Fidelity susceptibility of one-dimensional models with twisted boundary conditions

Abstract

Recently it has been shown that the fidelity of the ground state of a quantum many-body system can be used to detect its quantum critical points (QCPs). If g denotes the parameter in the Hamiltonian with respect to which the fidelity is computed, we find that for one-dimensional models with large but finite size, the fidelity susceptibility \chi_F can detect a QCP provided that the correlation length exponent satisfies \nu < 2. We then show that \chi_F can be used to locate a QCP even if \nu \ge 2 if we introduce boundary conditions labeled by a twist angle N\theta, where N is the system size.
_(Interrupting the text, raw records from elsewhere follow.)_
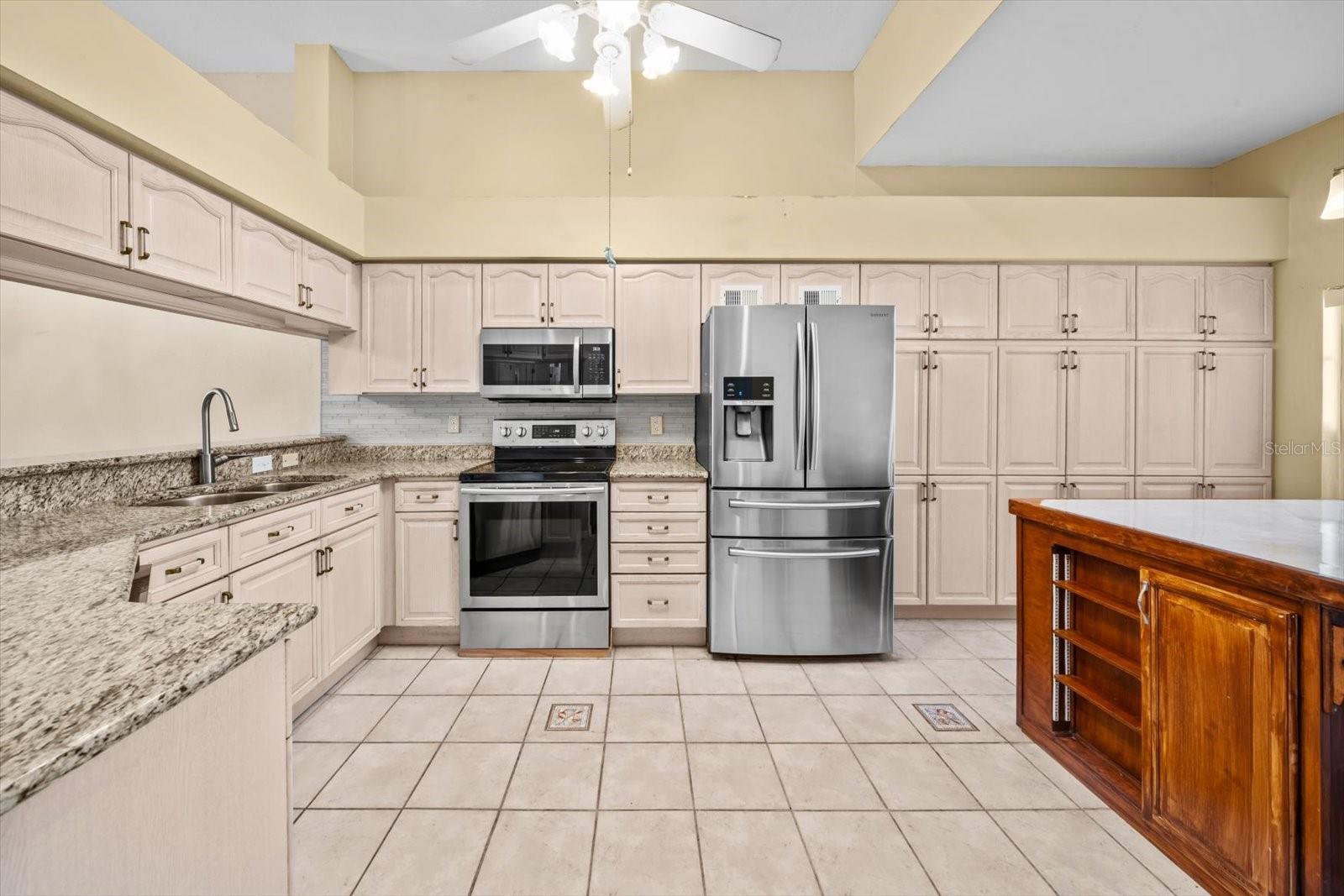 COUNTRYGROVE EAST - Residential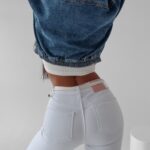 Spodnie jeansowe dopasowane Baria 252 Ola Voga białe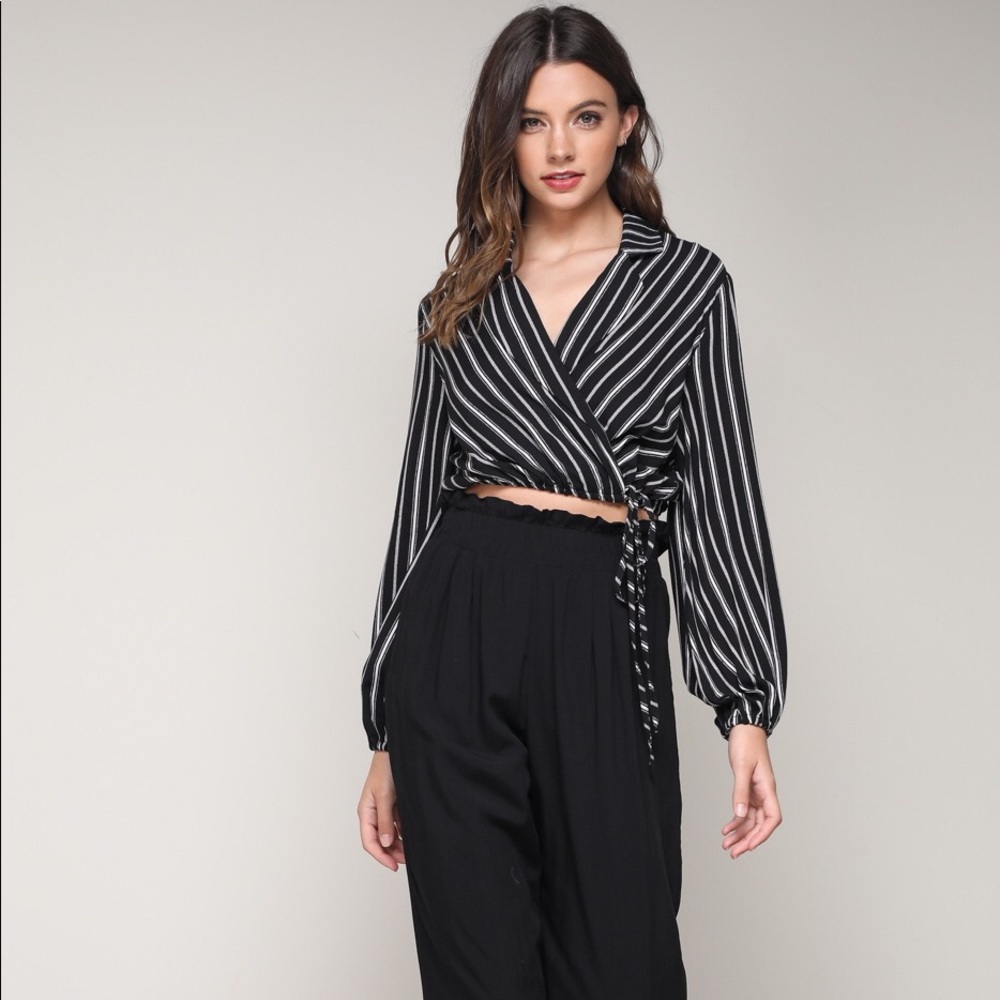 Black stripe crop top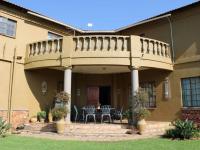 6 Bedroom 3 Bathroom House for Sale for sale in Olifants Nek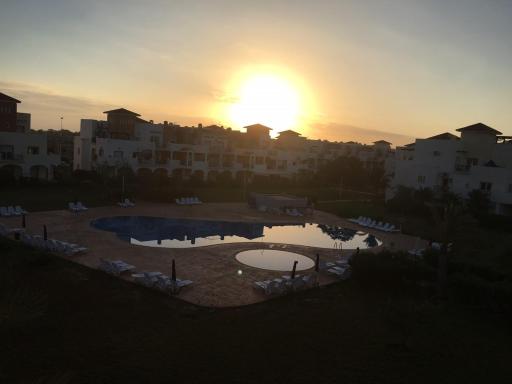 Appartement El Bahia Saidia destiné uniquement aux couple mariés, célibataires s'abstenir - Housity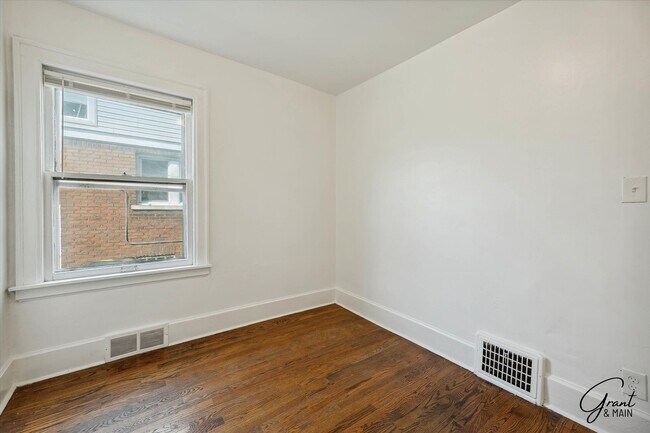 Foto del edificio - 15356 Washburn St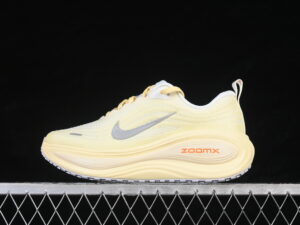 Nike Vomero Plus Wmns Yellow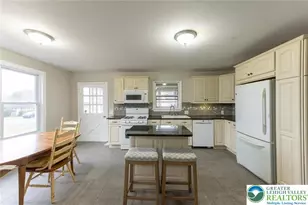 3941 Freemansburg Ave, Bethlehem Township, PA 18020 - Photo 5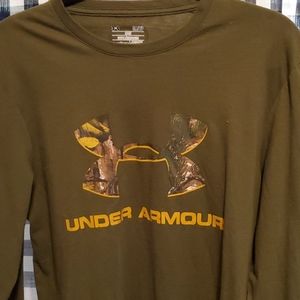 Under Armour long sleeve t-shirt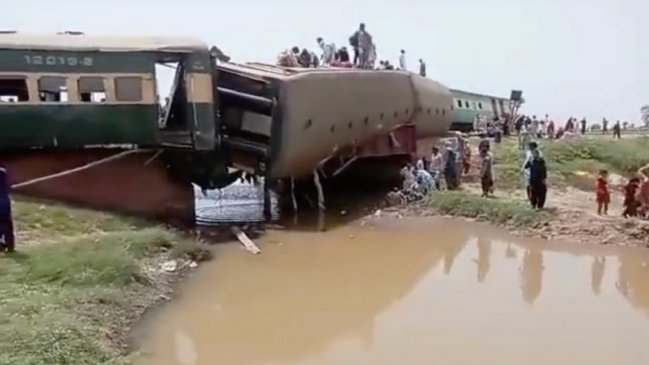  Pakistán: Al menos 15 muertos y más de 50 heridos tras descarrilamiento de un tren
If the QCP lies at g = 0, we find that if N is kept constant, \chi_F has a scaling form given by \chi_F \sim \theta^{-2/\nu} f(g/\theta^{1/\nu}) if \theta \ll 2\pi/N. We illustrate this both in a tight-binding model of fermions with a spatially varying chemical potential with amplitude h and period 2q in which \nu = q, and in a XY spin-1/2 chain in which \nu = 2. Finally we show that when q is very large, the model has two additional QCPs at h = \pm 2 which cannot be detected by studying the energy spectrum but are clearly detected by \chi_F. The peak value and width of \chi_F seem to scale as non-trivial powers of q at these QCPs. We argue that these QCPs mark a transition between extended and localized states at the Fermi energy.